Well, the trip is coming up so just wanted to ask again about Chicago being I'll be there for about 6 hours. We'd like to tour a little. I believe someone said we can leave the luggage in the Chicago station somewhere.

Can anyone tell me about that again. Should I buy locks so nobody goes through anything?

Thanks!


----------



## zephyr17

If you are either arriving or departing in a sleeper, you can leave your bags in a secure room manned by a Red Cap in the Metropolitan Lounge. I wouldn't bother with locks or anything. I use that service a lot because if I have a long layover, I don't like to just hang around in the station.

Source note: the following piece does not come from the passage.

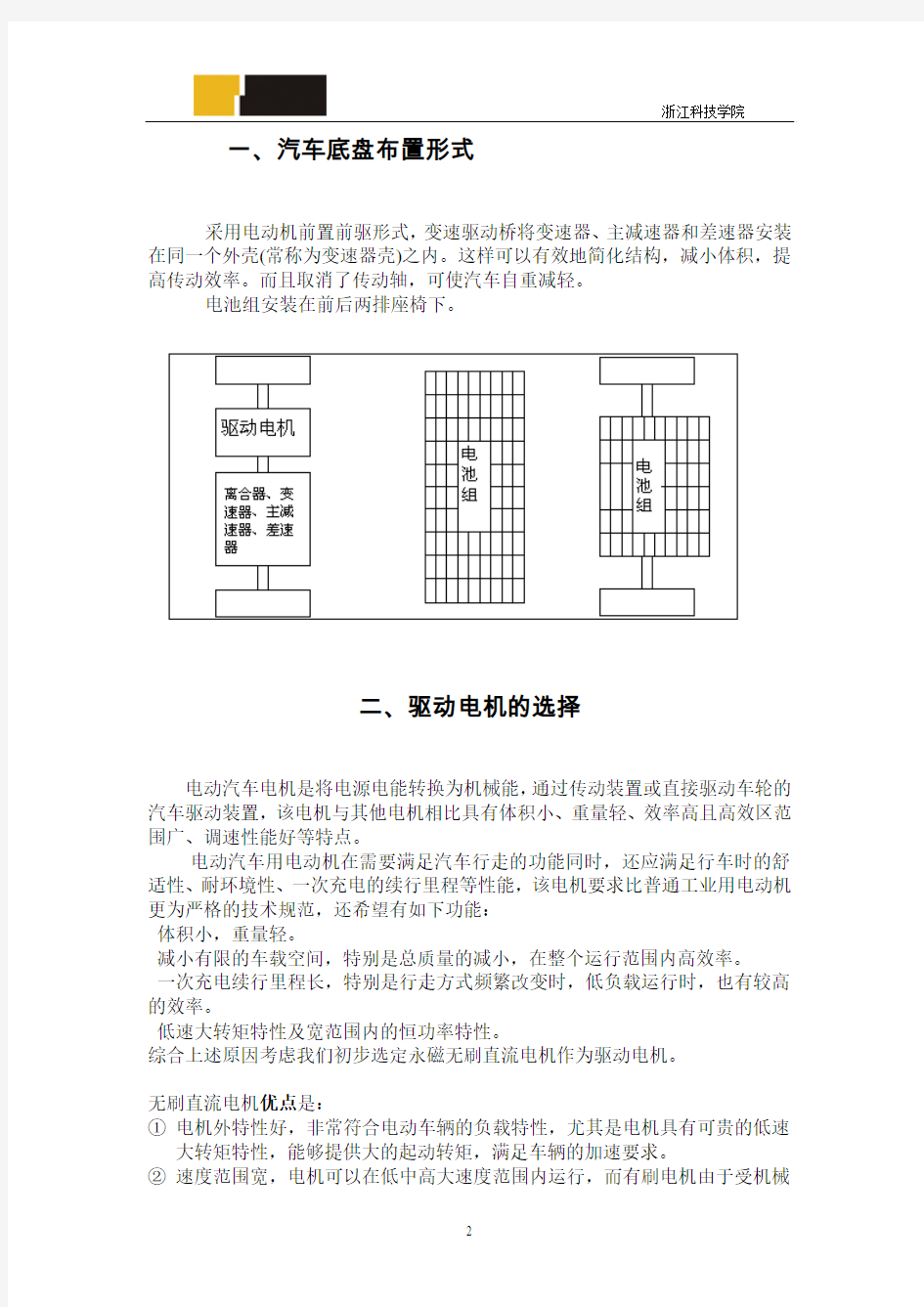 纯电动汽车设计方案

The service is free but a tip is customary.

If you don't have access to the Metropolitan Lounge, I think there are lockers in the baggage area. I don't know much about them.


----------



## Ryan

Capitol Limited to SW Chief, right?

Dump your bags in the Met Lounge. Leave the station and walk over to the Sears Tower. Go up top and step out on the ledge, it's cool.

Leave the tower, turn left and Giordiano's is a block down on your right. Grab a deep dish, enjoy half, take half back to snack on the train later.


----------



## Cooley47

Yup, I have the sleeper car too so I should have access to that. I know tips are "whatever you feel like," but what do you usually give?


----------



## Ryan

Buck or two a bag.


----------



## zephyr17

I tip basically the same (about $2/bag)

And there's Lou Mitchell's a little less than block west of the Great Hall on Jackson, and Al's Italian Beef a block west on Adams.

Good food to be had all around. The problem is what to pick. Leave the station!


----------



## LILRACER

What EXACTLY is the DIFFERENCE between the TE and the SL? They BOTH leave Maricopa Arizona at the same time on the schedule. I realize there is just one train, but do they operate on different days per week, OR, are their routes different?


----------



## zephyr17

It is one physical train between Los Angeles and San Antonio, TX that runs 3 days a week. At San Antonio, the train splits (or combines), with the Texas Eagle section (21/22) heading to (or coming from) Chicago, and the Sunset section (1/2) heading to (or coming from) New Orleans.


----------



## Ryan

One goes to New Orleans, the other goes to Chicago. The train splits in San Antonio.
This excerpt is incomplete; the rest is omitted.